Verschweigen darf man auch nicht die Arbeiten im öffentlichen Raum wie etwa an das Revolutionsbild zu Friedrich Hecker am Konstanzer Stephansplatz oder die Ausgestaltung der Wandelhalle der Paulskirche (»Der Zug der Volksvertreter« – in Nürnberg durch eine Linolschnitt-Serie vertreten), jenem Gegenstück des berühmten Bad Frankenhausener Panoramabildes von Werner Tübke. Als figurativer und obendrein realistischer Künstler war Grützke lange der Kritik ausgesetzt, an der er wacker vorbeimalte, bis Uwe M. Schneede ihn als einen, »nein: den Maler des integralen Realismus« entdeckte, der in den Fußstapfen von Courbet und Menzel den weiteren Weg vom 19. ins 20. Jahrhundert spurte.

Dass ausgerechnet das Germanische Nationalmuseum in Nürnberg ihm 2011/12 eine Retrospektive widmet, ist Ausdruck der gewandelten Wahrnehmung der künstlerisch interpretierten Wirklichkeit. Diese nahm im Anschluss an die Pop Art in den 1970er Jahren Gestalt an und ist spätestens mit der jüngsten Leipziger Schule in unserer Gegenwart angekommen und hat die Oberhand gewonnen. Wesentliche Stücke der Ausstellung, insbesondere Arbeiten außerhalb des bekannten malerischen Werks, steuerte das Deutsche Kunstarchiv bei, das zum Nationalmuseum gehört, und dem Grützke einen Teil seines Vorlasses vermachte. Man sagt dem Maler das launige Bonmot nach: »Ich bin ein Klassiker. Ich stehe wie ein Denkmal auf dem Podest und warte nur auf den Avantgardisten, der mich von dort hinunterwirft.« Heute können wir getrost den Gedanken weiterspinnen: »Als die Zeit reif war, erhob er sich, bestieg unter Beifall erneut das Podest und wurde – ohne dies nun von sich zu behaupten – als Neuklassiker und Postgardist gefeiert.« Johannes Grützke ist ein brillanter, vielleicht einer der ganz wenigen zeitgenössischen Historienmaler von inzwischen internationalem Ruf, der seine politische Botschaft unterdrückt – und sich gerade dadurch als engagierter Beobachter der deutschen Geschichte erweist.

Die Nürnberger Schau widmet sich thematisch dem Atelier (mit Grafiken anderer Künstler in Grützkes Besitz, darunter Ludwig Meidner, Max Klinger u.a.), dem Künstler und Allegoriker, dem Männer- und Frauenbildner, dem malenden Erzähler, dem Theatermann, dem Selbstdarsteller und »Erlebnisgeiger« sowie dem Bildnismaler.
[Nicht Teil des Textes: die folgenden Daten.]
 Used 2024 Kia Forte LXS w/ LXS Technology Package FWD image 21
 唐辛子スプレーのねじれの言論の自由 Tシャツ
Johannes Grützke ist heute mehr denn je ein Volksmaler im besten Sinne, und er ist nach eigenem Ermessen ein hochgradig ironischer »Surrealist, Manierist, Idealist oder Naturalist«. In der Tat wird man in seinem Werk alles finden, an einem Etikett lässt er sich jedoch an keiner Stelle festmachen.